PROCESOS, METODOS Y MODELOS DE NEGOCIACION
© Luis DALLANEGRA PEDRAZA *
PARTE VI

SITUACIONES QUE REQUIEREN NEGOCIACION

Las situaciones que derivan en procesos de negociación son diversas; en muchos casos resultan incluso paradójicamente opuestas.

En el marco interno de un Estado o en las relaciones interpersonales, en general se pueden adoptar procesos preventivos o de negociación entre las partes, con el fin de alcanzar niveles razonables en la resolución de los conflictos o, en la medida de lo posible, satisfacción plena para las partes.
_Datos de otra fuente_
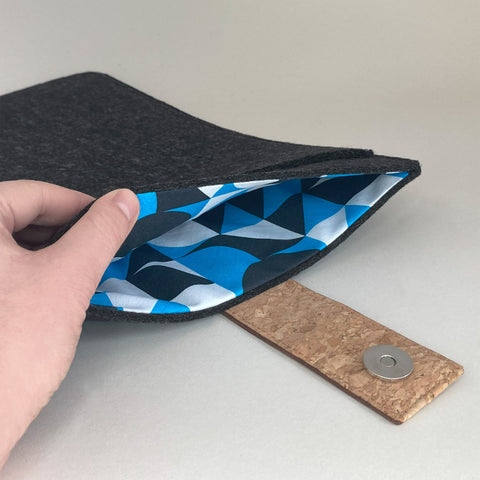 Coque pour Acer Extensa | avec fermeture magnétique et compartiment supplémentaire  | anthracite - Formes | Modèle "HAKA"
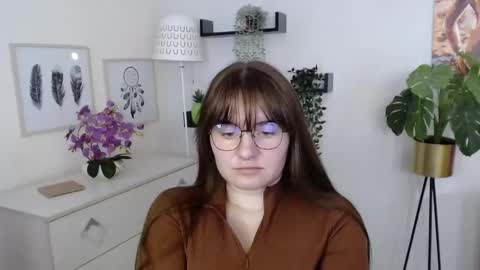Snapshot of julie_extasy chatting on October 16, 1:47 pm Julie online show from October 16, 1:47 pm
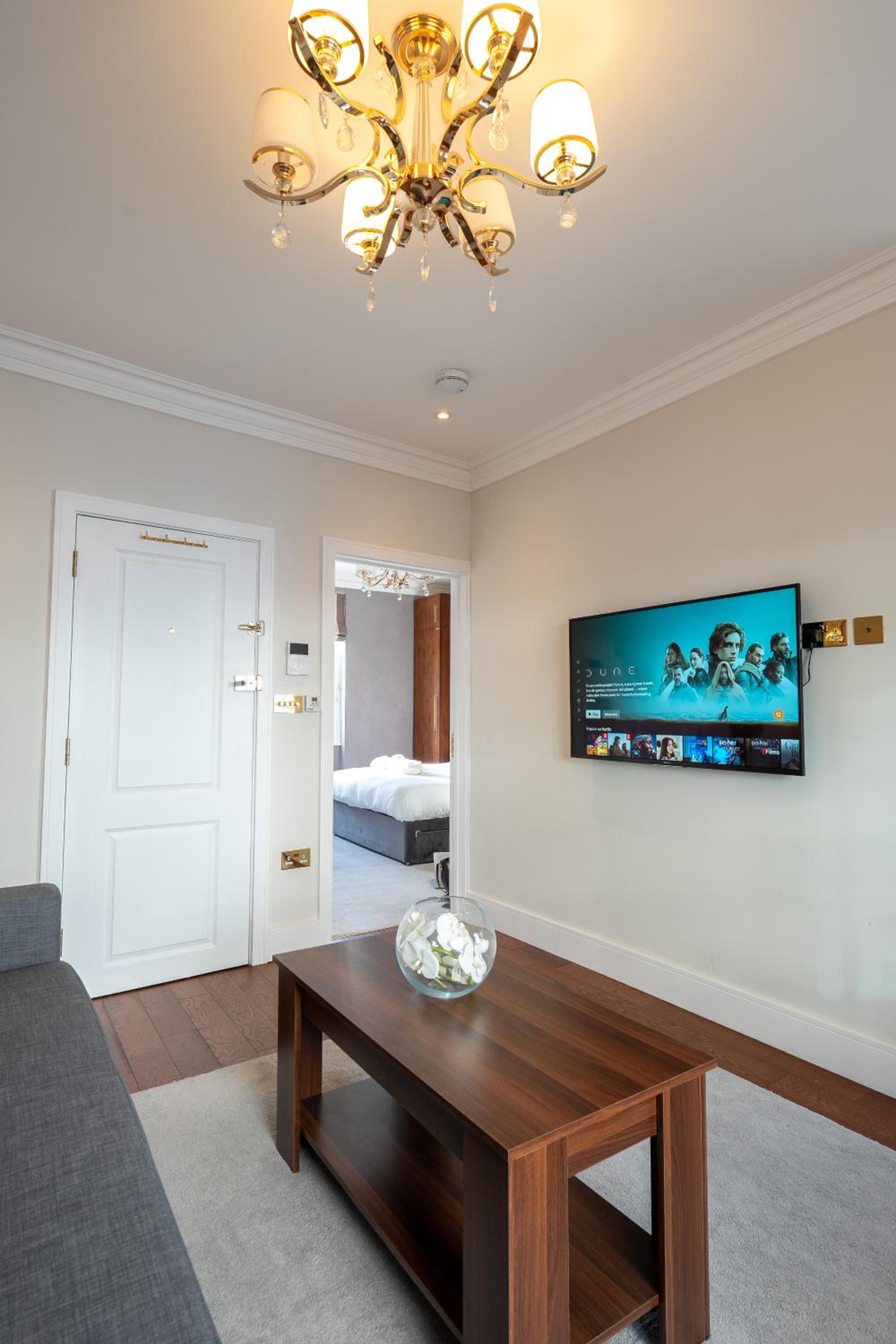 Camden's Luxurious Urban Escape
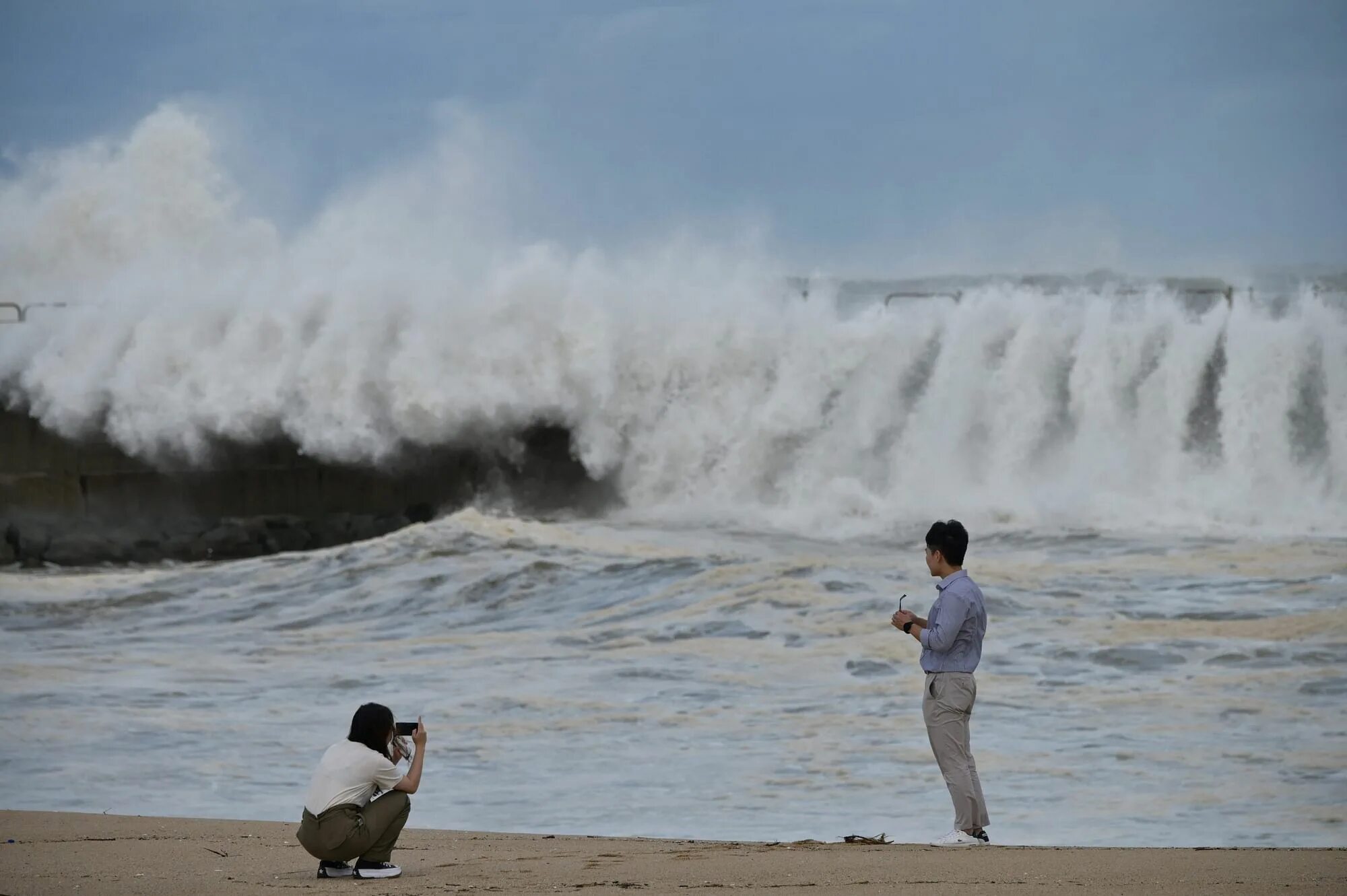 Волна Тайфун. Бежать от волн. Тайфун фото с берега. 2020 Veloce Typhoon s.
En conflictos como los obrero-patronales, se sabe que es bastante complejo encontrar niveles de satisfacción plena, así como en otras áreas como la de docentes o jubilados con el gobierno, etc. En otros, resulta más simple encontrar satisfacción plena, como es en los casos de Defensa del Consumidor.

En el contexto internacional, el tema no sólo se orienta a la dificultad en el proceso de negociación, sino también al “poder de policía” -la capacidad de “arbitro supremo” que pueda obligar a las partes, independientemente de su poder- para que se puedan aplicar plenamente los resultados.
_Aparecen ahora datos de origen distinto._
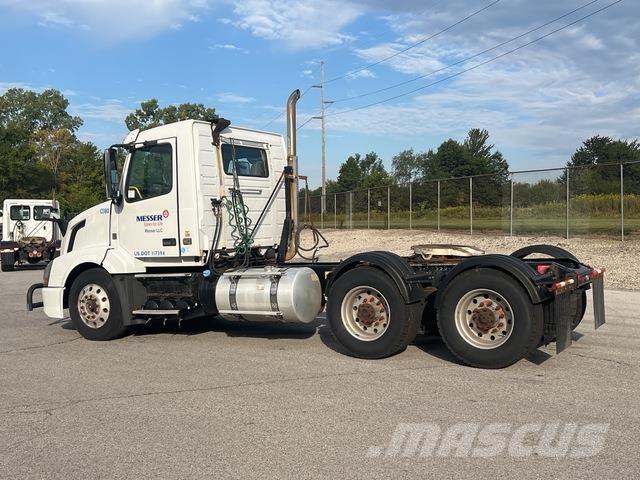 Volvo VNL64T Conventional Trucks / Tractor Trucks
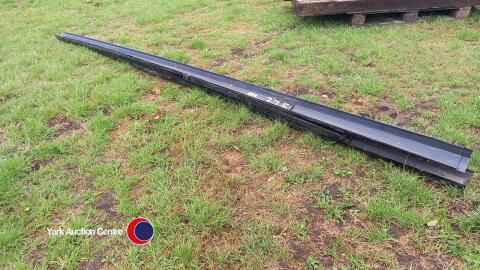 6 x lengths of black 4in square guttering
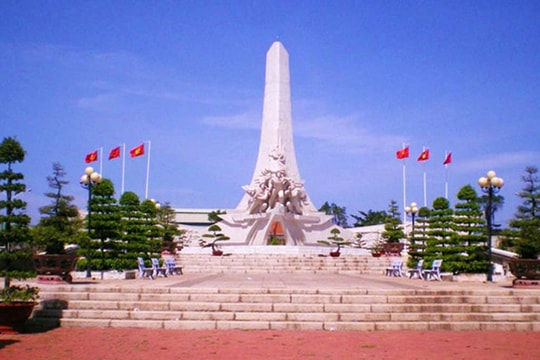 Đồng Xoài: Xem xét phương án cải tạo khuôn viên Tượng đài chiến thắng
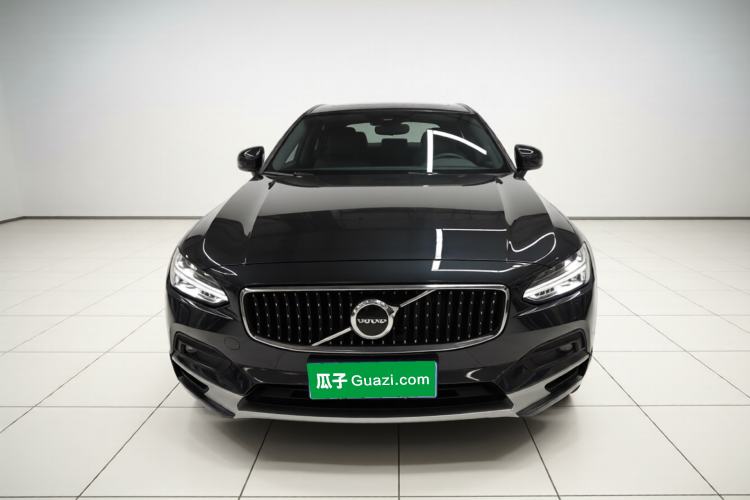 Used Volvo V90 2021 Cross Country B5 AWD Smart Range Edition Front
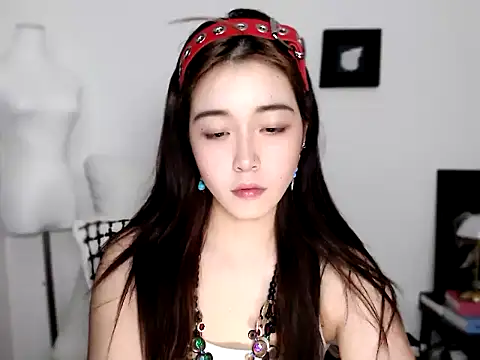 WQueen online show from 2, 4, 2026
Casos con resultados paradójicos, abundan.

Un ejemplo es el impacto producido en el mundo industrializado por los países miembros de la OPEP, que obligó a aquellos a desarrollar tecnologías energéticas alternativas. No obstante, al cabo de 10 años, todo el proceso derivó en la crisis de la deuda (1982), y el impacto es inverso, incluso por parte de actores transnacionales como es la banca acreedora. Países de la OPEP, como Venezuela, carecen de capacidad de negociación en el caso del endeudamiento externo.

Es más, la corrupción de la mayoría de sus gobiernos ha derivado en que, sus sociedades, se encuentren igual que antes del impacto OPEP, en vez de haberse desarrollado, industrializado, generado desarrollos educativos, científicos y tecnológicos que los pusiera en mejor condición que la que tenían, gracias a los ingresos petroleros.

Los países deudores del “Sur”, carecen de capacidad negociadora, y han sido hábilmente “fragmentados” de manera tal que no puedan formar un “club de deudores”, existiendo como contraparte un club de acreedores que derivan permanentemente a negociar con el FMI (Fondo Monetario Internacional) frente a toda propuesta o demanda de los deudores, mientras que estos no derivan a los acreedores a ningún organismo coordinador de sus posturas, por ejemplo el SELA (Sistema Económico Latinoamericano) para el caso de América Latina, que hasta el presente, no ha cumplido con su función de coordinación de posiciones, ni orientador, al interior de la región de los procesos integrativos.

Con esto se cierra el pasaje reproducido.